According to The Wall Street Journal, some budget airlines have cut fares to keep their seats full. Frontier and Spirit Airlines are among those offering steep discounts ahead of the holidays.

“You’ve got fuel, capacity and demand all headed in the wrong direction,” Frontier Airlines CEO Barry Biffle said at a Morgan Stanley conference in September. “We’re kind of the canary in the coal mine.”

Spirit informed its investors last month that passenger volumes were coming back down to earth and that profitability would decline as a result.

“During the last few weeks, the company has seen heightened promotional activity with steep discounting for travel booked for the second half of the third quarter through the pre-Thanksgiving travel period,” Spirit wrote in a regulatory filing with the SEC.

Citing booking app Hopper, the Journal reported that domestic travel prices are down 26% between June and September.

Consumers feel the pinch

Budget airlines cater to younger and thriftier passengers who don’t care as much about premium cabins or in-flight entertainment. They’re also the go-to source for frequent travelers who opt for value over premium experiences.

These demographics are feeling the pressure of persistent inflation, rising interest rates, and the resumption of student loan payments—the latter of which is expected to add between $200-$300 to monthly expenses.

Analysts are now warning of a “third wave” of inflation tied to rising oil prices and conflict in the Middle East. Because oil prices impact thousands of goods and services, consumers can expect to pay more beyond the pump.

“[C]onsumers feeling the pinch of higher oil prices are more likely to trim spending on other items before they reduce spending on the essential good that is gasoline,” according to RBC Capital Markets strategist Michael Tran.

With consumers devoting more of their paychecks to debt payments and essential goods, there’s less money to spend on discretionary items, including air travel.

A tale of two travel industries

It’s been a bumpy ride at budget airlines, but major carriers like Delta and United still see strong demand ahead of the holidays. They can probably thank international travel—and wealthier passengers—for that.

“Our international demand remains robust, led by the transatlantic,” Delta president Glen Hauenstein said last month.
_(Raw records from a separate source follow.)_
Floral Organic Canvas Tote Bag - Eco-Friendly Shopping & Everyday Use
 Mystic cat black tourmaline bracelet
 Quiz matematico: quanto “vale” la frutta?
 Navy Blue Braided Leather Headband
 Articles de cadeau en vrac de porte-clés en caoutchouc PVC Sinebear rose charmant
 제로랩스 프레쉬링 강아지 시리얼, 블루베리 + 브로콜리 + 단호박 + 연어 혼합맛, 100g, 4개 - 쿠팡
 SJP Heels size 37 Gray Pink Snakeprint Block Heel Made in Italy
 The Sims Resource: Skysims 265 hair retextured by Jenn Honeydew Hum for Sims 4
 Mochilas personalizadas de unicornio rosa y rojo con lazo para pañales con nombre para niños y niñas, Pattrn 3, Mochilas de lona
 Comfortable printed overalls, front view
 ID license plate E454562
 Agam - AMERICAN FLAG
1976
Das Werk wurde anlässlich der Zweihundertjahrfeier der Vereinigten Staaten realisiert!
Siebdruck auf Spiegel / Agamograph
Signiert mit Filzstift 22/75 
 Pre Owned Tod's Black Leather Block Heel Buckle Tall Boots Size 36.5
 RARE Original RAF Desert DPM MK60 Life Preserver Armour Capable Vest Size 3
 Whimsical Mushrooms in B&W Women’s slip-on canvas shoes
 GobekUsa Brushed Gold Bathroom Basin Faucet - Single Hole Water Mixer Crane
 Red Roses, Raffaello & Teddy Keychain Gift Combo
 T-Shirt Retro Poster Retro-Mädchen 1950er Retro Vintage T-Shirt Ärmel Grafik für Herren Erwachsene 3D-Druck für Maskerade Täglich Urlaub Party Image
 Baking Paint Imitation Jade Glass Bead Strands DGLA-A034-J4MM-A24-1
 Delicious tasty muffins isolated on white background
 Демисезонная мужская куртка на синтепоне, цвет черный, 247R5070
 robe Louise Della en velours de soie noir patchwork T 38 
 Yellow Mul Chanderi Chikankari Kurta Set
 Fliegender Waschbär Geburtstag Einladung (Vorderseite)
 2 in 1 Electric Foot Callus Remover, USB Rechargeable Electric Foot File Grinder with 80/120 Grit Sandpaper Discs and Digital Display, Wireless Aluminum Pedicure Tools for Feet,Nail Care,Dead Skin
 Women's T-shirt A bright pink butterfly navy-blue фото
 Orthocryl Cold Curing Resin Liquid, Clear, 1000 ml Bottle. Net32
Revenue is up as more passengers opt for comfier high-end seats.

The tale of two travel industries highlights the growing chasm between rich and poor, and it’s partly driven by what economists call inflation inequality.

Because poorer households spend more of their income on food, gas, and rent, they have fewer ways to reduce spending and are more likely to feel the effects of inflation.

“This shift of spending away from luxury items like vacations and new cars, and toward necessities, pushes inflation up for poorer families more than richer ones,” according to economist Jacob Orchard.

So, while the travel industry is far from dead, discretionary travel for those with stricter budgets could be affected as other costs increase.